- [Task instructions] In the entries that follow, locate the line with "Holzgeschnitzte Möbelapplikationen, hellbraun, 2", then restate that line and all later lines exactly as they appear, leaving pictures out.

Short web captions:
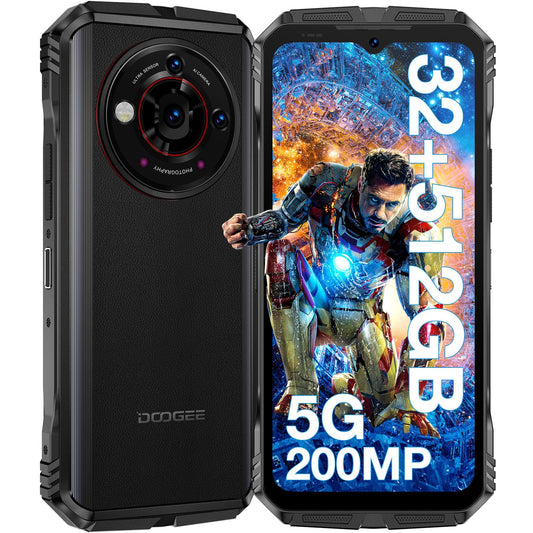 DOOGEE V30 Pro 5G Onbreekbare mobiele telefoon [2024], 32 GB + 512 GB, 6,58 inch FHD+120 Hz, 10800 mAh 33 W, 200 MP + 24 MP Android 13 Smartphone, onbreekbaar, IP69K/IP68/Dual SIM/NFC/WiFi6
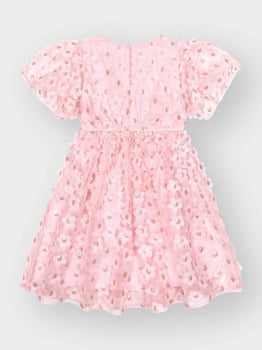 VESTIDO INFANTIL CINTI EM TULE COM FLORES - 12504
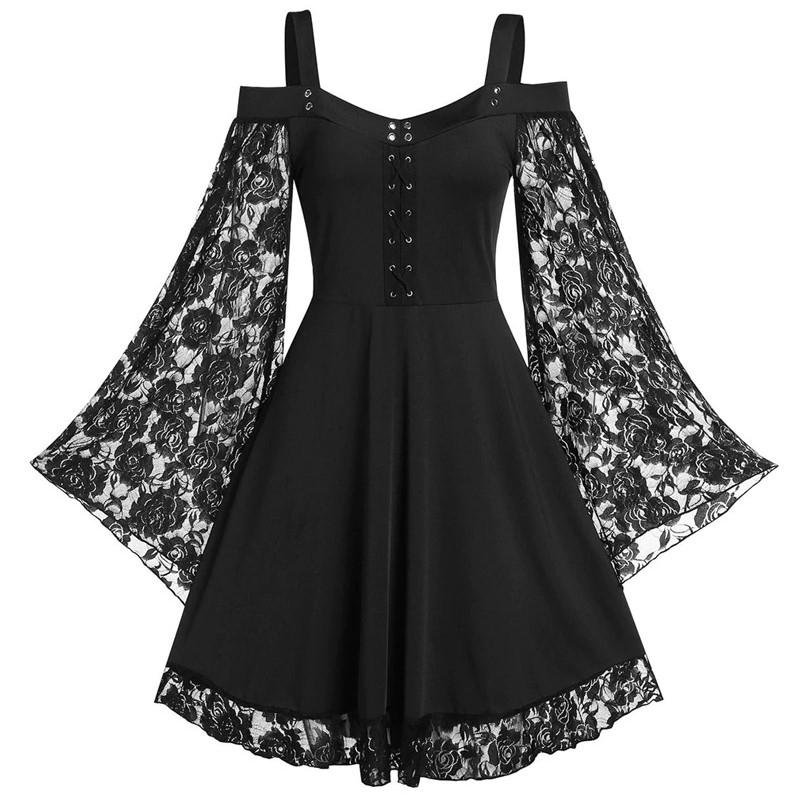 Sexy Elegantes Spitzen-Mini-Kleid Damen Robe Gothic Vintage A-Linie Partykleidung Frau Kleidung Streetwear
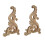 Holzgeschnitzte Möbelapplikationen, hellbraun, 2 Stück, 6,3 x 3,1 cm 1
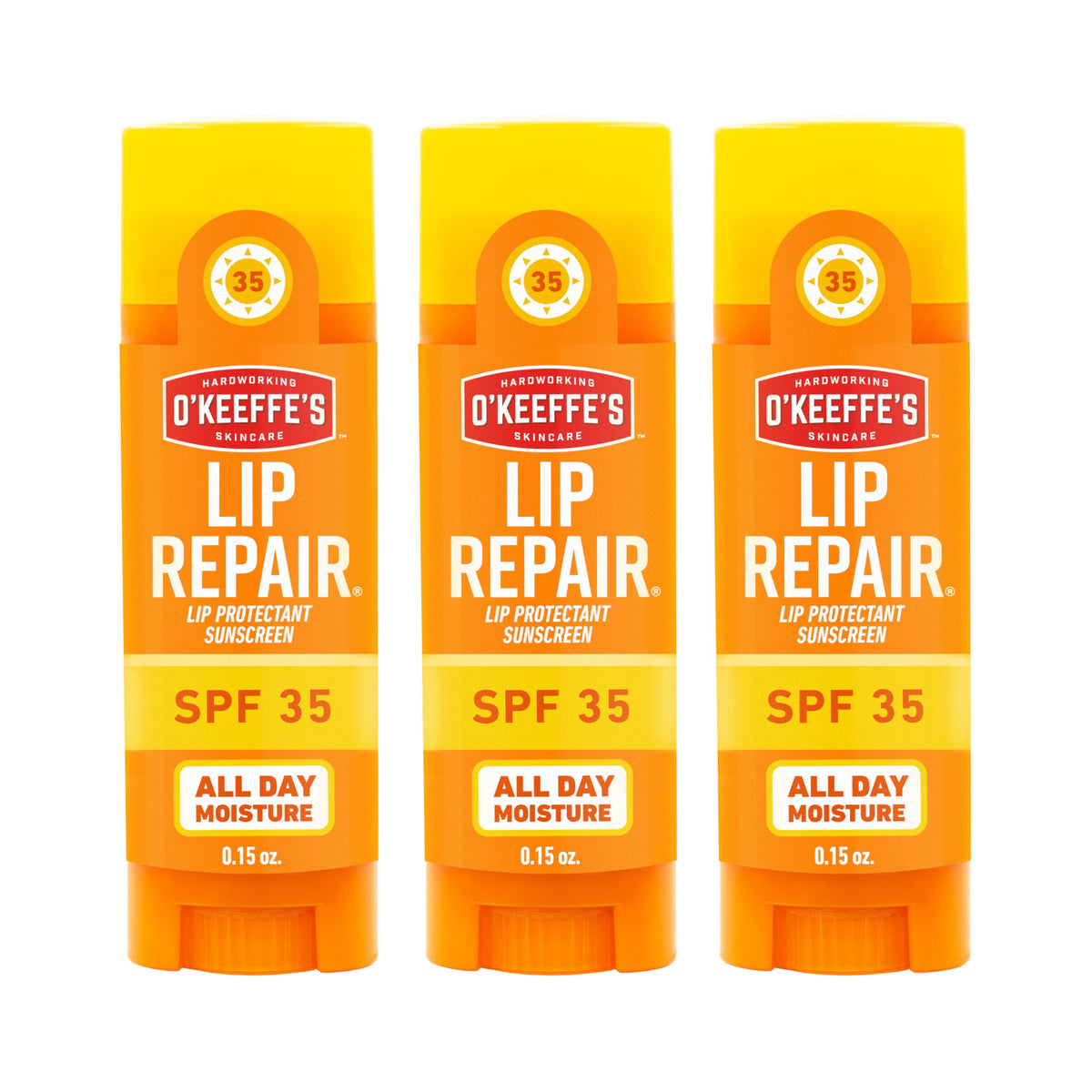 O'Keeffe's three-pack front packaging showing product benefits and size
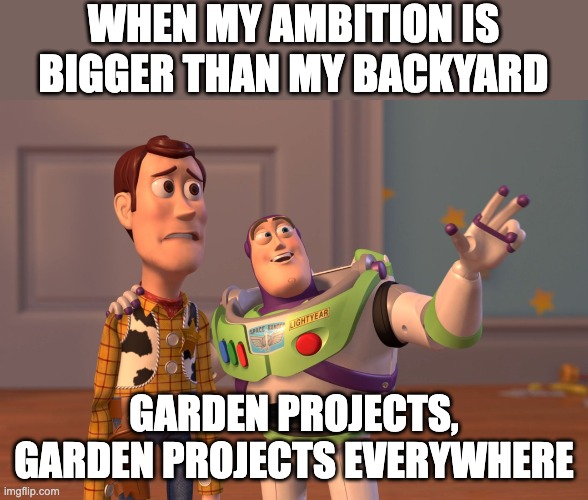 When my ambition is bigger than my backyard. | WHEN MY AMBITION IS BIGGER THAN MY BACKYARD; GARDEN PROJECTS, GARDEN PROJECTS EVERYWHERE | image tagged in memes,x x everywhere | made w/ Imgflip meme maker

- [Answer for this exercise]
 Holzgeschnitzte Möbelapplikationen, hellbraun, 2 Stück, 6,3 x 3,1 cm 1
 O'Keeffe's three-pack front packaging showing product benefits and size
 When my ambition is bigger than my backyard. | WHEN MY AMBITION IS BIGGER THAN MY BACKYARD; GARDEN PROJECTS, GARDEN PROJECTS EVERYWHERE | image tagged in memes,x x everywhere | made w/ Imgflip meme maker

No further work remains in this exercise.